You’ll have a list of the top energy issues sorted by how many devices that was impacted.

You’ll have a view of the weighted call graph for a number of different logs, which you’ll be able to page through, using page through logs, and you can use Open in Project to jump directly into your code base so you can begin debugging these energy issues.

And now, I’d love to show you a demo.

Now, I’ve made sure that I’ve signed into my developer account and that I’ve uploaded our Energy Game app up to TestFlight in the App Store.

To bring up the Energy Organizer, I could just go into Window here, and click Organizer.

And this is the Energy Organizer UI.

I make sure that the Energy tab is selected at the top, and if you’ve used the Crashes Organizer, you will already be familiar with this UI.

On the left, we have a list of all of our apps.

Next to that, we have a list of our top energy issues.

In the center is our Weighted Call Graph, and on the right-hand side are some statistics about the energy issue.

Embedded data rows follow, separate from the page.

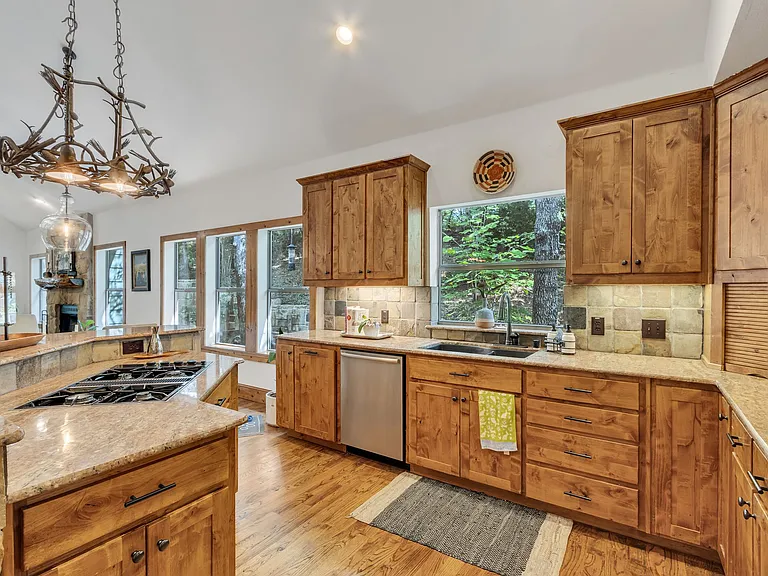 100 N Edgewater Dr — Photo 10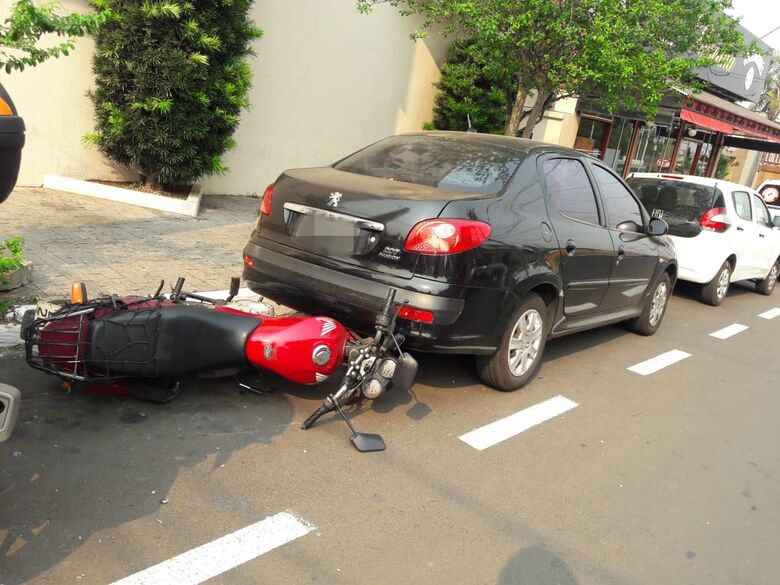 Motorista provoca acidente e carro atinge motociclista - Crédito: Maycon Maximino
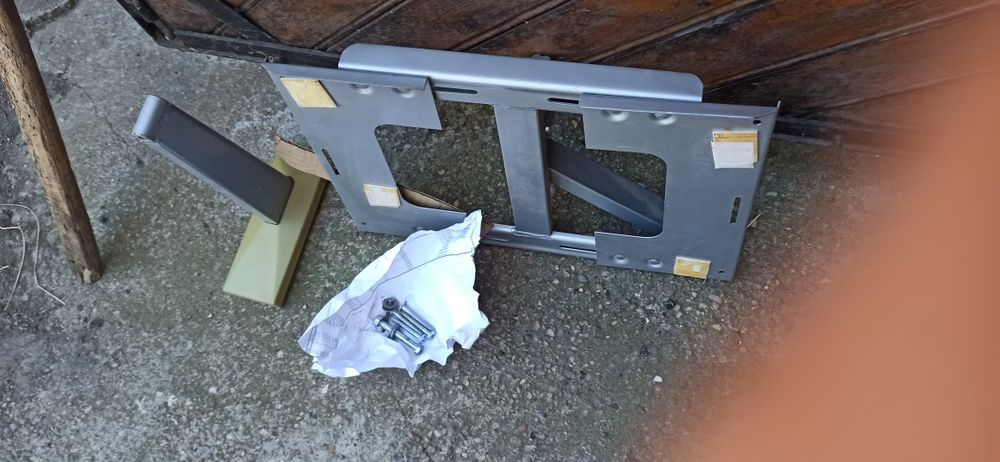 Стенна стойка за телевизор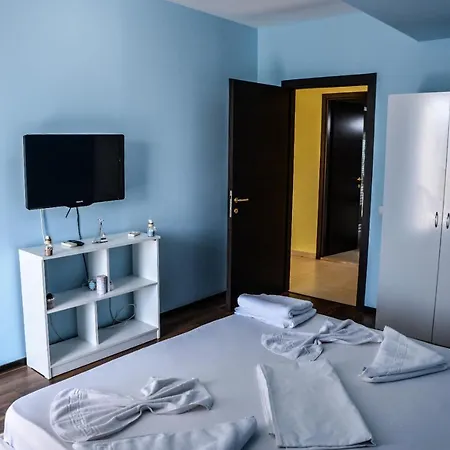 Apartament 3 Camere Et 6 Summerland Cluburi Mamaia Apartmán
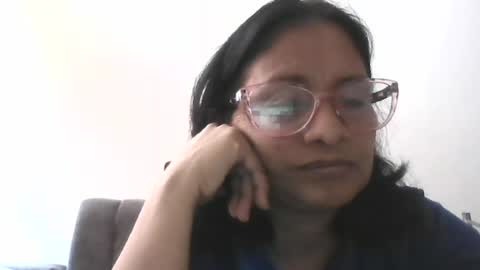 Ester online show from July 30, 6:31 pm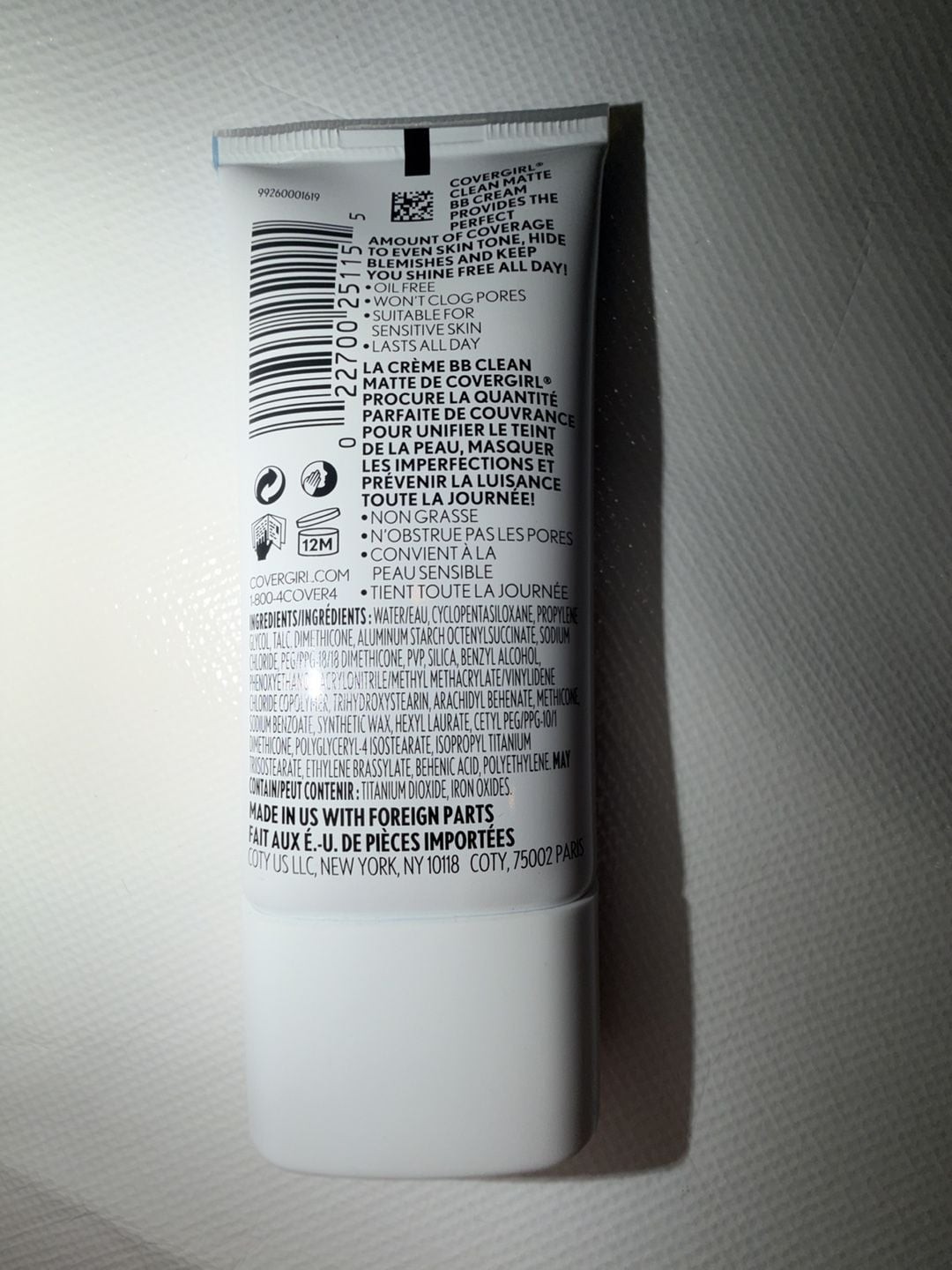 COVERGIRL Clean Matte BB Cream for Oily Skin, Shade 550 Medium/Deep, 1 fl oz, photo 3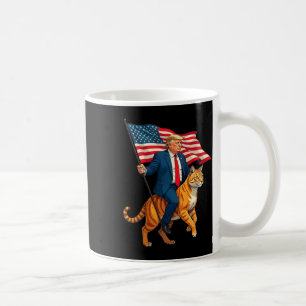 Taza De Café Trump Montando Un Gato Con Bandera Estadounidense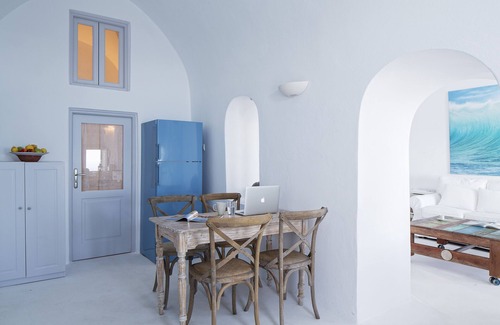 Imerovigli Villa | Stunning 3 Bedroom Villa with Ocean Views & Plunge Pool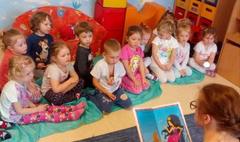 Najmłodsi poznają postać Feliksa Nowowiejskiego. (link otworzy duże zdjęcie)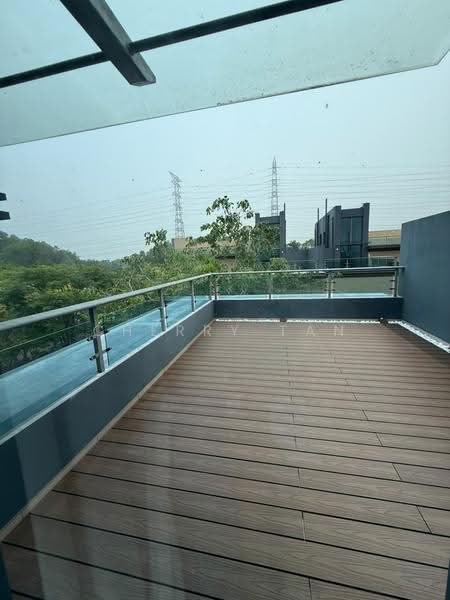 Twin Villas for Rent in Forest City (Gelang Patah) - Cherry Tan - Balcony - PropertyGuru.com.my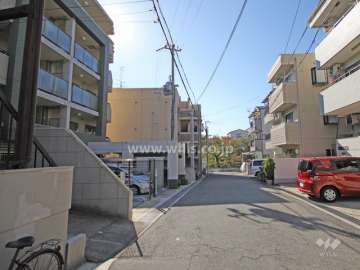 敷地北側の前面道路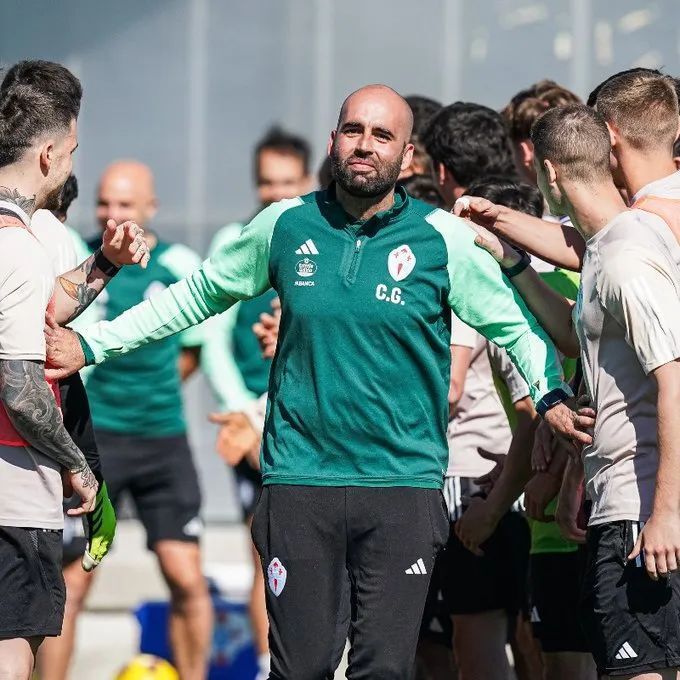 更年轻的学院派教练还在法甲找到机会.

So, let’s go ahead into the left here and select Energy Game, which is the game that we’re working on.

And then, make sure that we’re on the correct build.

We see here a list of our top energy issues, sorted by how many times it’s affected.

Let’s jump into this first energy issue, which hit 64 of our devices.

On the right-hand pane here, we have some more details about what happened, as well as a breakdown of how often that energy issue happened, and we can see that it happened across a mix of iPads, iPods, and iPod Touches, and we can see a distribution of how often it happened in the past two weeks.

Let’s take a look at the weighted call graph.

We see that a lot of time is being spent in this dispatch call block calling into this app delegate computation function.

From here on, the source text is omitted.